Overnight the temperature shot up to about 50F.  That's nice, except the humidity shot up to well over 100%.  I went out to my unheated and well-ventilated shop this morning and sprayed down just about everything metal with silicone spray (it's what was handy).  Hopefully it will displace some of the moisture that had already accumulated.


----------



## JimDawson (Nov 23, 2014)

Sounds like you need a shop sized vat of WD-40. )


----------



## 12bolts (Nov 23, 2014)

John Hasler said:


> .....That's nice, except the humidity shot up to well over 100%.  ......
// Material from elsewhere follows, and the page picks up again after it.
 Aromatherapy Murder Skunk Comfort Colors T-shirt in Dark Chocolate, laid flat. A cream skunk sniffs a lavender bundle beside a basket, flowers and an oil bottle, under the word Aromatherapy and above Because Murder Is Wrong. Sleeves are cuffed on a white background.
Put your togs on, and grab a mask and snorkel! What you have there is a swimming pool!!

Cheers Phil


----------



## Ebel440 (Nov 23, 2014)

I used silicone on some of my stuff that was under salt water during sandy and it worked a lot better then the stuff I used wd40 on but I heard the silicone will be in my garage forever and may interfere with painting (guess its a good thing I never paint anything I build)


----------



## coolidge (Nov 23, 2014)

One word...Boeshield.


----------



## nobog (Nov 23, 2014)

Just up the road in New Richmond and same weather of course and out to the shop it was starting to get humid - but I have the luxury to turn the heat up to 60 or so.  Same problem in the summer with the high humidity - then I turn on the dehumidifier.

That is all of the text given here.